Cortina, don Ivano devolve le offerte alla gente di Alverà

Primo gesto applauditissimo del nuovo parroco In basilica anche i fedeli di Pedavena: «Siete la mia storia»

CORTINA. Alla comunità di Alverà è andato il primo pensiero del nuovo parroco decano di Cortina don Ivano Brambilla. Ieri, terminata la messa per il rito di ingresso, presieduta dal vescovo di Belluno-Feltre monsignor Renato Marangoni, don Ivano ha rivolto alcune parole ai fedeli. «Il mio primo pensiero», ha detto, «va alla comunità di Alverà, così tanto provata dalla colata che la notte fra il 4 e il 5 agosto ha danneggiato la frazione e stroncato una vita. Il mio primo atto sarà devolvere le offerte di questa messa al conto corrente aperto per aiutare i cittadini di Alverà. Lunedì faremo il versamento in Cassa Rurale di quanto raccolto».
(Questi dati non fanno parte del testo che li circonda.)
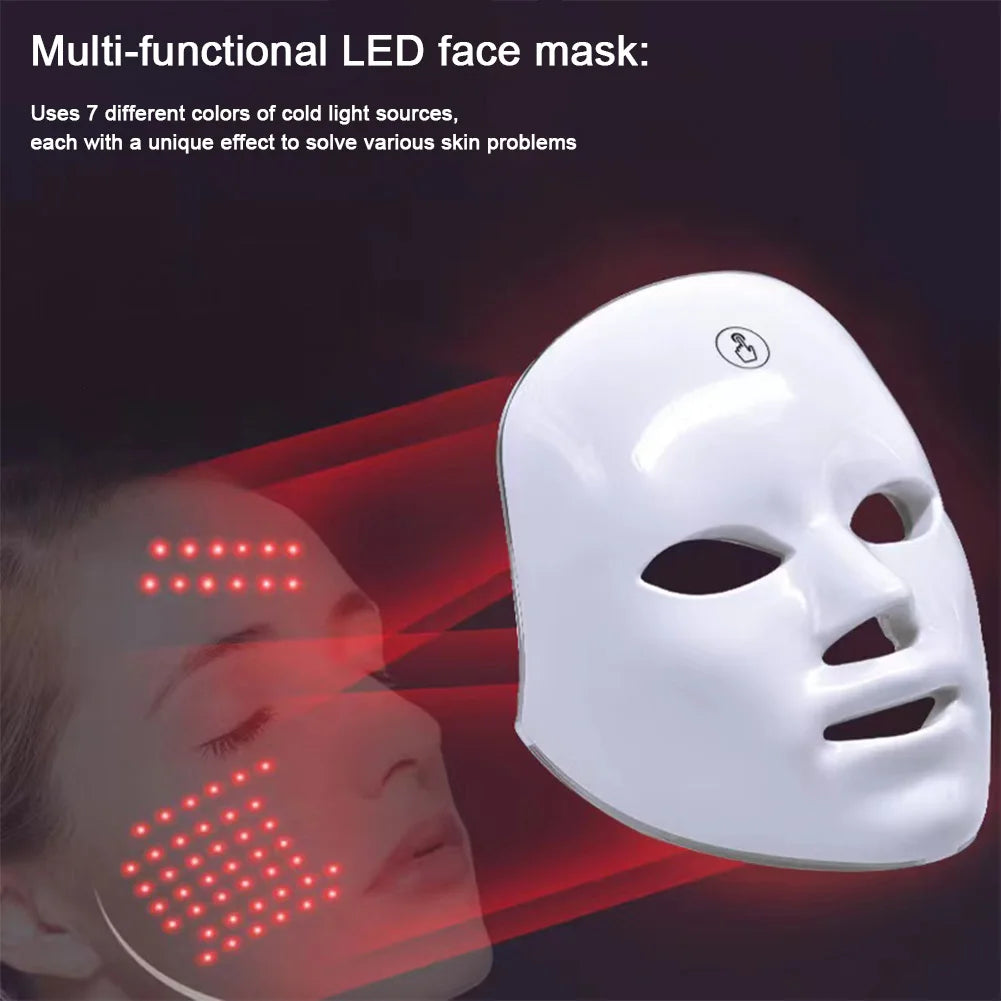 Home Face Beauty Instrument Remove Fine Lines Photon Therapy Beauty Mask Shrinking Pores Tighten Skin Face Lifting Beauty Device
Hanno applaudito più volte il loro nuovo parroco decano i fedeli, a centinaia nella basilica dei Santi Filippo e Giacomo. Non solo cortinesi, ma anche gli abitanti di Pedavena, Facen, Norcen e Travagola (con in testa il sindaco Maria Teresa De Bortoli), le parrocchie che don Ivano ha lasciato per venire a Cortina, i sacerdoti di Santa Giustina, e i rappresentanti dell’ospedale civile di Belluno. «Queste presenze», ha sottolineato don Ivano, «mi ricordano che io sono qui perché legato attraverso una cordone ombelicale che nessuno trancerà mai al vescovo e alla diocesi di Belluno-Feltre. Voi siete la mia storia».

Don Ivano torna a Cortina. Nella Conca, per cinque anni ha svolto il ruolo di cappellano e in tanti ieri ricordavano il suo impegno, all’epoca rivolto soprattutto alle pastorali giovanili. «Sono andato via da qui con grandi esempi», ha ricordato, «quelli di monsignor Lorenzo Irsara, monsignor Renato De Vido, e don Clorindo. In quei cinque anni ho capito la vita di questa valle e la fede della gente d’Ampezzo. Non posso dimenticare l’insegnamento avuto da voi ampezzani e ricordo solo due persone a titolo di esempio: Tesele Coletina, che aveva una profonda fede, quando una docente straniera le chiese della bellezza delle Dolomiti, rispose che era ovvio fossero stupende perché create da Dio; ricordo anche Frida Colli, una giovane madre: in ospedale, mentre stava terminando la sua vita, le chiesi se fosse arrabbiata, mi ripose che doveva essere sempre fatta la volontà del Signore. Questi semi sono rimasti nel mio cuore».

Ora Don Ivano riprende a camminare con i fedeli ampezzani e dall’altare ha chiesto una mano affinché il seme della fede che ogni cittadino ha dentro di sé non venga soffocato dalla polvere e dalla muffa delle convenzioni, ma che possa germogliare per dare ai bambini un futuro alla luce del Vangelo. «Dobbiamo impegnarci affinché questa chiesa possa diventare la fontana del villaggio», ha concluso, «che ha il dovere di buttar fuori acqua fresca e pulita. Pazienza se passerà chi non ha sete. Noi dobbiamo impegnarci affinché l’acqua della chiesa abbia la freschezza del Vangelo che disseta per l’eternità».

La cerimonia del rito d’ingresso si è svolta come vuole la tradizione. Il sindaco Gianpiero Ghedina ha accolto il parroco a Dogana Vecchia, al confine di Cortina e San Vito. I due in carrozza sono poi arrivati alla basilica dietro al corteo guidato dal Corpo Musicale, seguito dagli Schuetzen e dai Ladini. Sul sagrato della chiesa il sindaco ha dato il benvenuto al parroco e Elsa Zardini, presidente dell’Unione dei ladini, ha omaggiato con un libro don Ivano.